What the exercise asks
Using the records that follow, reproduce exactly the lines starting at the line containing "A float from" and ending at the line containing "White Classic Stretched". Include both end lines and no pictures.

Supplied material
-------

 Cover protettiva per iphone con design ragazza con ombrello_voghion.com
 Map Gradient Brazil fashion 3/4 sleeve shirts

-------

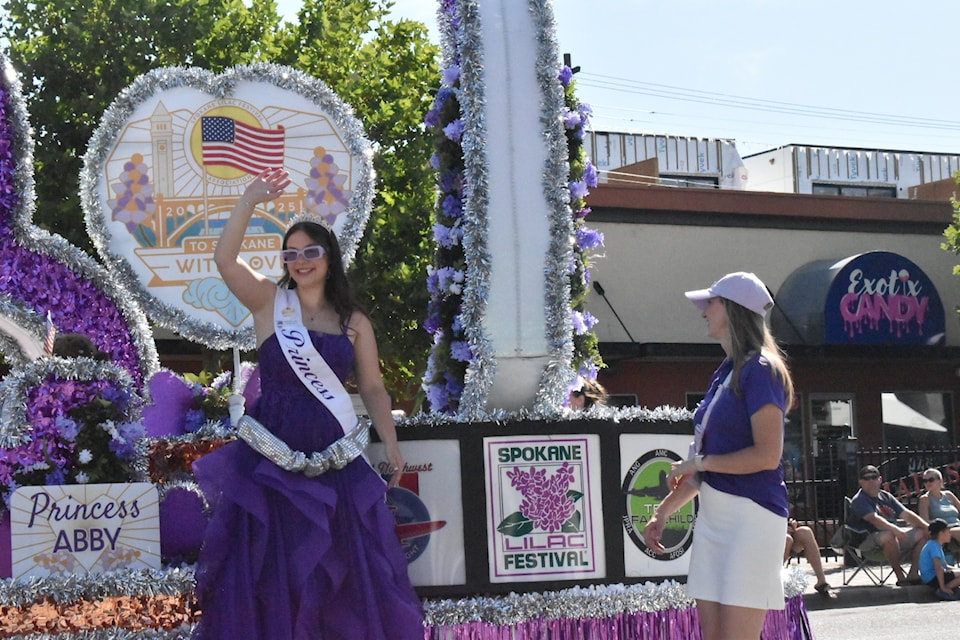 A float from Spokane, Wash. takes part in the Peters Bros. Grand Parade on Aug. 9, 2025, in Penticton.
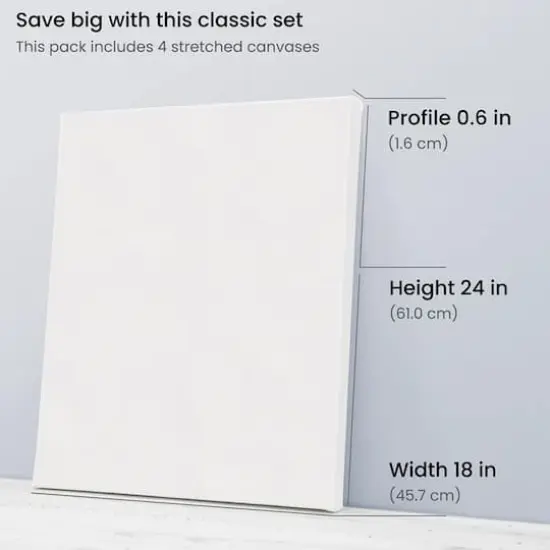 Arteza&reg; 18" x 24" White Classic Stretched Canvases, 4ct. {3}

-------

Response
 A float from Spokane, Wash. takes part in the Peters Bros. Grand Parade on Aug. 9, 2025, in Penticton.
 Arteza&reg; 18" x 24" White Classic Stretched Canvases, 4ct. {3}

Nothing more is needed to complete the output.